What you return should match the listing exactly, minus its images.

*** Data below Section Begins ***

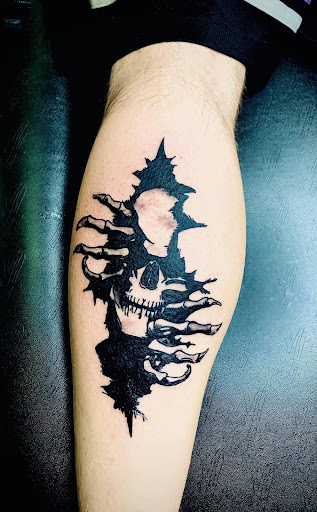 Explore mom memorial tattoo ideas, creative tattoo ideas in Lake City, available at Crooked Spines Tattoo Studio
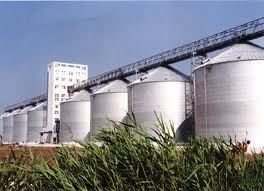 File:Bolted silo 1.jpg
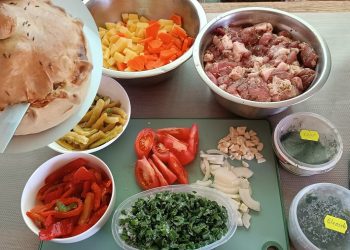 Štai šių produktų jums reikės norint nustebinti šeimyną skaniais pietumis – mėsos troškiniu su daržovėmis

*** Data below Section Ends ***

Solution to this problem:
 Explore mom memorial tattoo ideas, creative tattoo ideas in Lake City, available at Crooked Spines Tattoo Studio
 File:Bolted silo 1.jpg
 Štai šių produktų jums reikės norint nustebinti šeimyną skaniais pietumis – mėsos troškiniu su daržovėmis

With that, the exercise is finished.